Fiquei tão desesperado que cai em prantos e não pude assistir à operação cesariana. Quem assistiu foi minha cunhada Nenê casada com Hermínio.
Assim tive de volta a minha querida esposa e o meu primeiro filho. Seu nome completo: Angelo Lourival, Angelo, nome de meu pai e Lourival a pedido da enfermeira.

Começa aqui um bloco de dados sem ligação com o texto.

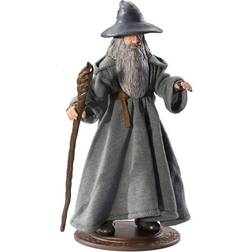 The Noble Collection Bendyfigs The Lord of the Rings Gandalf the Grey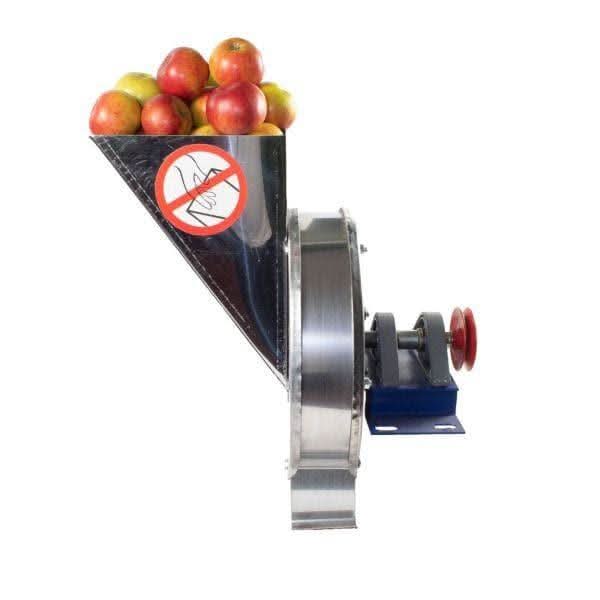 Zdrobitor, Tocatoare Manuala Fructe Si Legume ( Inox ), 5L, 140Kg/H - ZEP.RO - Ți-e la îndemână!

Passei a noite toda acordado, perto da Lucila, em companhia da Helena minha irmã. A minha sogra chegou de São Paulo na manhã do dia seguinte com meu cunhado Nhosinho. À noite fui para casa descansar e a dona Catita (sogra) ficou com a Lucila.
Iria passar a noite com a filha e ai aconteceu mais um susto na minha vida.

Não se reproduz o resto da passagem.